Puis, devant une foule immense d’au moins cent mille personnes, Nicolae Ceaușescu tint un discours totalement improvisé très offensif, appelant à la formation de gardes patriotiques armés afin d’être prêt à faire face à une invasion :
« L’invasion de la Tchécoslovaquie par les troupes du Pacte de Varsovie est une grave erreur et une menace pour la paix en Europe, pour le destin du socialisme dans le monde et est un jour de honte pour le mouvement international. Il n’y a aucune justification et il n’y a aucune raison de rendre recevable, même pour un moment, l’idée d’une intervention dans les affaires intérieures d’un État socialiste fraternel (…).
Aucun étranger n’a le droit de dire sous quelle forme il faudrait construire le socialisme (…).
Nous avons décidé la mise en place à partir d’aujourd’hui de gardes patriotiques armés composés d’ouvriers, de paysans et d’intellectuels et qui seront les défenseurs de l’indépendance de notre patrie socialiste.
Nous voulons que notre peuple ait ses unités armées afin de protéger ses conquêtes révolutionnaires, de protéger son travail pacifique, son indépendance et la sécurité de la patrie socialiste.
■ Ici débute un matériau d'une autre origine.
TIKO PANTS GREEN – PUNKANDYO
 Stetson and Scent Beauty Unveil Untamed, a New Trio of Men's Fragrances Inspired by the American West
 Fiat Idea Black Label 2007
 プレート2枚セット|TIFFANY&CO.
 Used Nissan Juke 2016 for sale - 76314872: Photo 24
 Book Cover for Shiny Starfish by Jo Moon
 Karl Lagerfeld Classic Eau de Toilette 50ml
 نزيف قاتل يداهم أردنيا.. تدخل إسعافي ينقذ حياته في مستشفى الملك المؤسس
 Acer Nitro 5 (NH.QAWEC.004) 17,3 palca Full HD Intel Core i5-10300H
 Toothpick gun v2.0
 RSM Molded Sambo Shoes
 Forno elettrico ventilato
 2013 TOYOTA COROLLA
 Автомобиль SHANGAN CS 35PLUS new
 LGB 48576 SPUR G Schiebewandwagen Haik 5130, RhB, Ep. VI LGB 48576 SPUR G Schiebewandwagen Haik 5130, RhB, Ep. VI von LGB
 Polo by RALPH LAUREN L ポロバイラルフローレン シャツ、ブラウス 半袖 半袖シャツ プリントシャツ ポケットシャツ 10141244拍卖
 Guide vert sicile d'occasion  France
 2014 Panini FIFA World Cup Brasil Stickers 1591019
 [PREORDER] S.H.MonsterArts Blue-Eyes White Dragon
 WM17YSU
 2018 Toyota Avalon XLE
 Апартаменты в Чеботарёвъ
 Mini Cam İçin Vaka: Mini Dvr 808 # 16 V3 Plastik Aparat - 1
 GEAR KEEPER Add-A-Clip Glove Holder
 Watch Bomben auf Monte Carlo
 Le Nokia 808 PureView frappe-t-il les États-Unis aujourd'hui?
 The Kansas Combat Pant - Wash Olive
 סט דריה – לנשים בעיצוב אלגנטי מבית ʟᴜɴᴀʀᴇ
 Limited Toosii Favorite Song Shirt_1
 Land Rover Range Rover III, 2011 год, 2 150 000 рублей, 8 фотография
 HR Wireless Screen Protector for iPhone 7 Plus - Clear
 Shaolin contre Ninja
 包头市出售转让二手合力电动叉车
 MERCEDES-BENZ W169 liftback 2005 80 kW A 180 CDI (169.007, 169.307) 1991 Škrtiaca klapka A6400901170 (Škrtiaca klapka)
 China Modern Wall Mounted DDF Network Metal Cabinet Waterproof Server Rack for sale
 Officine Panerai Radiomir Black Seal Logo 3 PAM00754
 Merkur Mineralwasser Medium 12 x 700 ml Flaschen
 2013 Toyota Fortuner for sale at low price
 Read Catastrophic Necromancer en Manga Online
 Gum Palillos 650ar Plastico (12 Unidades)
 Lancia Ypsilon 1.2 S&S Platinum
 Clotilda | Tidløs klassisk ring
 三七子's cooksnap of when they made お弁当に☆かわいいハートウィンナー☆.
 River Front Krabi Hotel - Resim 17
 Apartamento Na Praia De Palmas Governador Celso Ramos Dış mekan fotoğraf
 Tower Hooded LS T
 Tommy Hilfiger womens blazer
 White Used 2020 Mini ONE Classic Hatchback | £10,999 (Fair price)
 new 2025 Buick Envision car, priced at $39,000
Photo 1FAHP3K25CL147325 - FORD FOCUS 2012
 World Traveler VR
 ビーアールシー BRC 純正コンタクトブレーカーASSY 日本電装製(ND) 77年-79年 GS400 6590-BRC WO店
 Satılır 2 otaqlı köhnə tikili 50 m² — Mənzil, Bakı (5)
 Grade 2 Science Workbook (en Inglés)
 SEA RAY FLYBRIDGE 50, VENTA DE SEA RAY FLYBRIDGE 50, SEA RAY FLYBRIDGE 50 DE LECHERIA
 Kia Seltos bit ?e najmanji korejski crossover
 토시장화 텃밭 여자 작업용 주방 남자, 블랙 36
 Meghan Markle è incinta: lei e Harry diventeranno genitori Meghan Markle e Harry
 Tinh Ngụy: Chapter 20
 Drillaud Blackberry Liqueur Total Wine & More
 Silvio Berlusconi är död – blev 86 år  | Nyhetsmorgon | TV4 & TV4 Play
Il a été dit qu’il y aurait un danger contre-révolutionnaire en Tchécoslovaquie ; il y en aura peut-être demain pour dire qu’ici à ce rassemblement il y avait des tendances contre-révolutionnaires qui se soient rassemblées…
Nous répondons à tous : l’ensemble du peuple roumain ne permettra à personne de violer le territoire de notre patrie. »
Nicolae Ceaușescu défendait ici l’option nationaliste qu’il avait hautement apprécié en Tchécoslovaquie. L’idéologie du pays était devenue ultra-nationaliste depuis le triomphe du révisionnisme en URSS.
Le 22 août, il fit passer une loi selon laquelle la présence d’armées étrangères en Roumanie ne serait possible qu’avec l’approbation du parlement. Dans la déclaration à ce sujet, il mentionna comme pays socialistes non seulement les membres du Pacte de Varsovie, le Vietnam, la Corée, la Mongolie, mais également la Yougoslavie, l’Albanie, la Chine.
Profitant de la fête nationale roumaine du 23 août, il y fit défiler des « gardes patriotiques » établies après le discours.
Il contacta immédiatement les Partis Communistes de France et d’Italie pour avoir leur soutien, ainsi que la Yougoslavie avec qui il entama des négociations pour former un front militaire commun en cas d’invasion de la part du Pacte de Varsovie.